I really love collections of writers' letters - I'e spent many a happy hour poking through collections of letters from the likes of Steinbeck, Fitzgerald, Wolff, Nabokov, Ken Tynan and others. (Journals are fun, too.) It's one of the things I fear we may lose in this age of the tossed off one-liner e-mail - although if any of you have ever had the pleasure of corresponding with Ed, you'll know he may well be our last bulwark against such a day. At any rate, TLS looks at letters to Yeats and Pound from Iseult Gonne.

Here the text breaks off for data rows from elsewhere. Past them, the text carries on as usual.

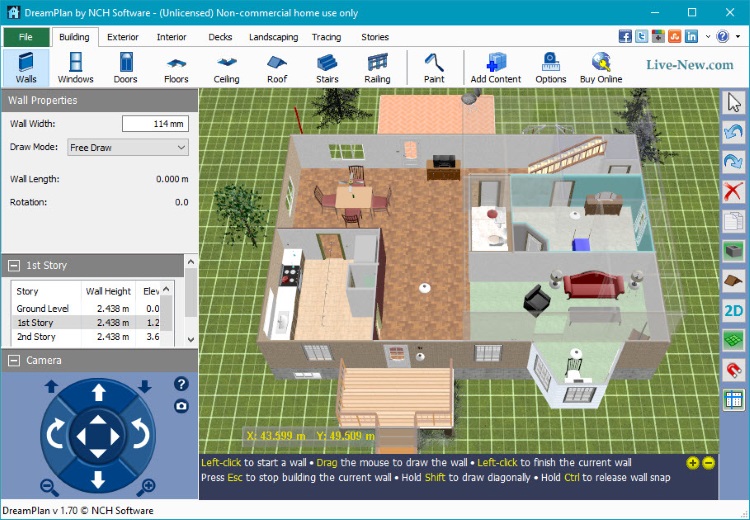 11 Aplikasi Desain Rumah yang Bisa Bantu Rancang Hunian Impian. Nggak Perlu Lagi Gambar Manual!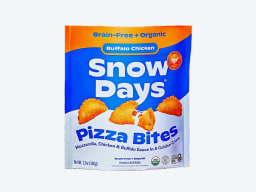 Snow Days - Buffalo Chicken Pizza Bites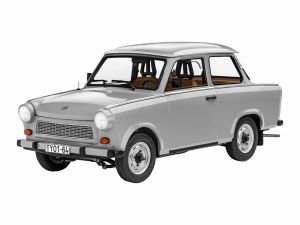 Revell 1/24 Trabant 601 60th Anniversary "Exclusive Edition" # 05630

These letters are despatches from a life that should have been a novel. Iseult Gonne was born in 1894, the illegitimate daughter of Lucien Millevoye, a journalist and right-wing politician in the French Third Republic, and Maud Gonne, the great unrequited love of W. B. Yeats’s early life. Iseult’s very conception was dictated by Maud’s powerful sense of mysticism and tragedy: an earlier child, Georges, had died in infancy, and Maud believed he could be reincarnated if she conceived a child at the grandiose tomb she had erected for him at Samois-sur-Seine, a resolution she apparently carried through, though her relationship with Millevoye soon foundered. Iseult’s destiny was marked out. She grew up in her mother’s houses in Paris and on the Normandy coast; when Maud’s career as a political organizer and public goddess of extremist Irish nationalism took her to Ireland, Iseult was looked after by a series of devoted friends and retainers, but her bond with her tempestuous, magnetic mother survived through periods of exasperation and estrangement. Her pet name for Maud (which also concealed their real relationship) was “Moura”, an anagram of “amour”.

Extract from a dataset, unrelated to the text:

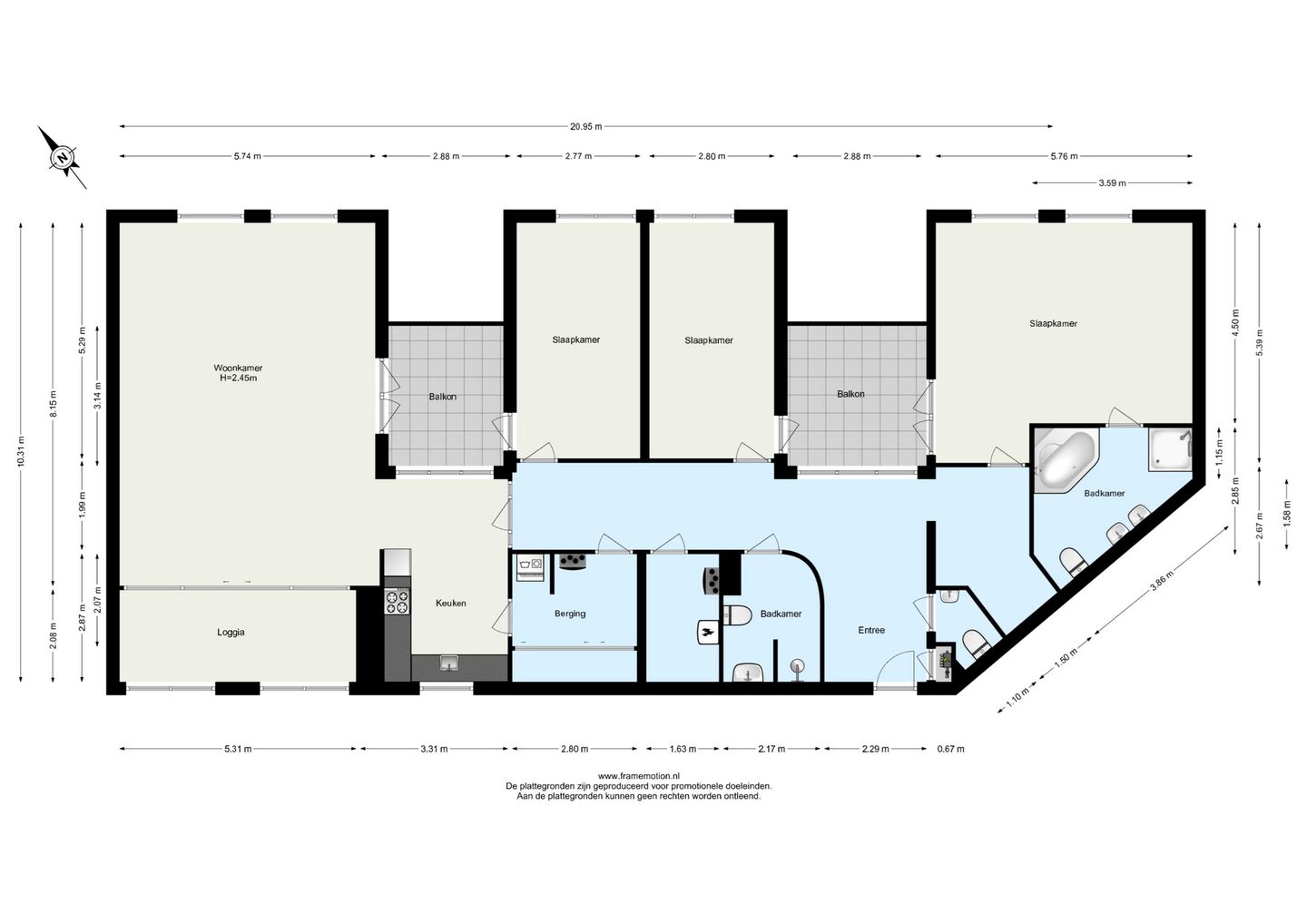 Foto 40 van Eureka 17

Since you mentioned Fitzgerald, I assume you've read Dear Scott, Dear Max, then? One of my favorites.
Sarte's and de Beauvoir's are pretty interesting and illuminating too.
Posted by: Brian | April 16, 2004 at 09:10 AM
George Bernard Shaw's collection of letters are wonderful as well. They -- did I mention they run four volumes? -- are wonderfully edited, with plenty of explanatory footnotes and commentary.
Dorothy Sayers' letters are pretty good too, especially when she's explaining CofE doctrine or defending her religion.